Most business leaders and experts will agree that some sort of customer segmentation is necessary before you actually launch out. Here’s why.

First off, you can’t serve the whole world, or at least, not yet because you just started business. You need to do some prioritization in terms of picking who to serve, determining what these people actually want and delivering what they want at a price point and place that makes sense to them. This process of prioritization is called “segmentation” and it happens to be one of the cornerstones of marketing.

Even if you’re in the booming smartphone industry which definitely has a large market, you still need to segment the market into categories. Upon doing this, you’ll realize that the consumers have different tastes. The price sensitive ones will be severely attracted to low prices, so giving them the cheapest smartphone on earth will win their hearts almost permanently. Others may be less price sensitive, preferring, instead, phones with high-end aesthetics. These ones will value beauty, texture and how the phone fits into their lifestyle; when they find the right product, they usually would not mind paying a higher price just to secure it. Lastly, you’ll find those who just want a phone that lasts, irrespective of price point or aesthetics. They prefer to pay a fixed cost upfront, knowing that they would spend next to nothing on maintaining or repairing the phone after purchasing it.

The next lines show why segmentation must absolutely precede production. If you did not segment the smartphone market before penetrating it, you may produce a phone that is average on all three dimensions and “will end up pleasing nobody.” A smartphone that is neither cheap nor beautiful nor durable will hardly sell in a market whose customers love these same three cardinal factors because this average smartphone will not be at a low enough price for the price sensitive customers, not be durable enough for those who believe in “long life” and not show enough beauty for those who are crazy about aesthetics. The end result is a product that the market will reject, period!
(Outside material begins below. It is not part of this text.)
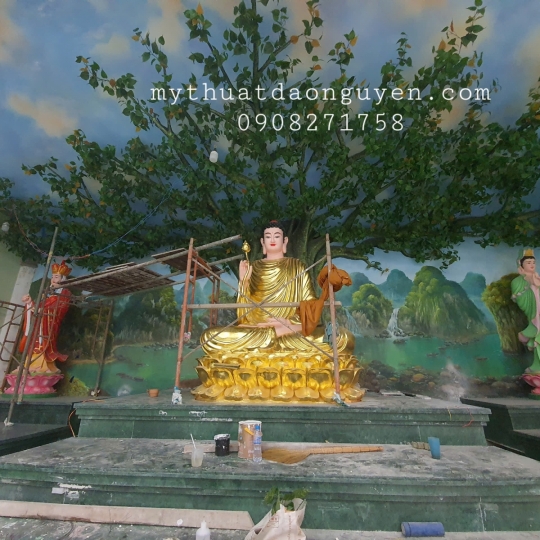 Tượng Bổn Sư Ngồi Đài Sen Sơn Dát Vàng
The segment you eventually choose introduces all sorts of imperatives for the structure and strategy of the resulting business unit. For instance, if you choose to serve the customers who love beauty, you will end up spending higher on research and development (R&D) in order to keep ahead of the competition, you will absolutely have to hire deeply creative people who have an eye for design and style and your organization must be “flatter” than most others because deeply creative people would usually detest bureaucratic structures but thrive with less hierarchy.

Perhaps the best way to conclude will be an elaborate definition of segmentation. According to the University of Pennsylvania, Market Segmentation is the process of dividing a market into distinct subsets where any subset may be conceivably selected as a marketing target to be reached with a distinct marketing mix.

Do not kill your chances of success before launching out, do the necessary due diligence of segmenting your market before actually engaging the market.